*TO DO*
In the records below, find the line that contains "Gdansk. Biblioteka Europejskiego" and the line that contains "Rain Design mStand". Set down exactly those lines and every line between them, and nothing more.

*DATA EXTRACT*
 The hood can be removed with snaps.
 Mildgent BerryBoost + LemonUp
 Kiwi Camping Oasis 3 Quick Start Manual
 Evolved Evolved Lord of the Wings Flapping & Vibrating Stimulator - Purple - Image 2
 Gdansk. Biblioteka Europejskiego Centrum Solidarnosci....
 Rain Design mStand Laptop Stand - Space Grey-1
...
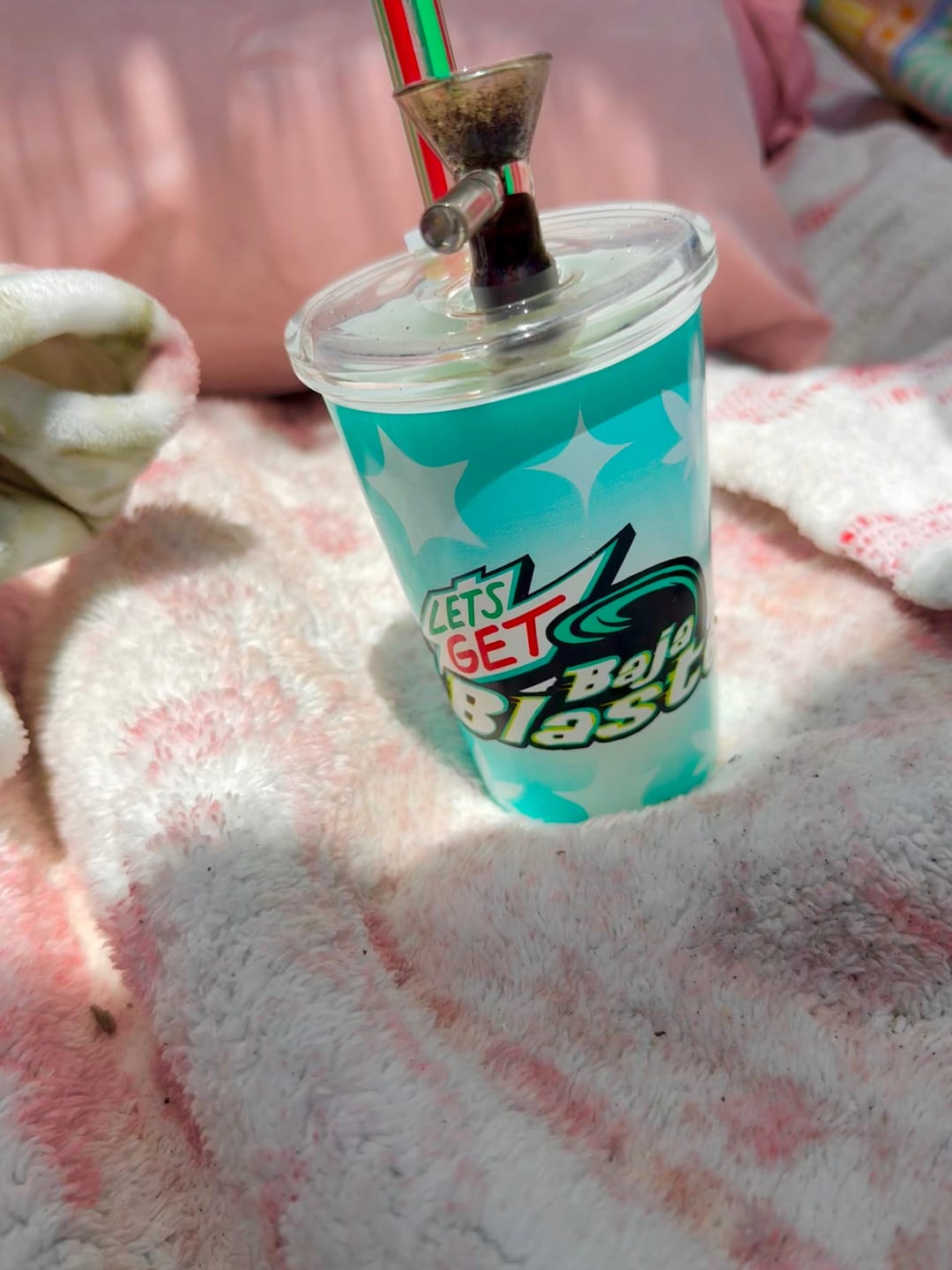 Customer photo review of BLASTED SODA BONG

*ANSWER FOR THE TASK*
 Gdansk. Biblioteka Europejskiego Centrum Solidarnosci....
 Rain Design mStand Laptop Stand - Space Grey-1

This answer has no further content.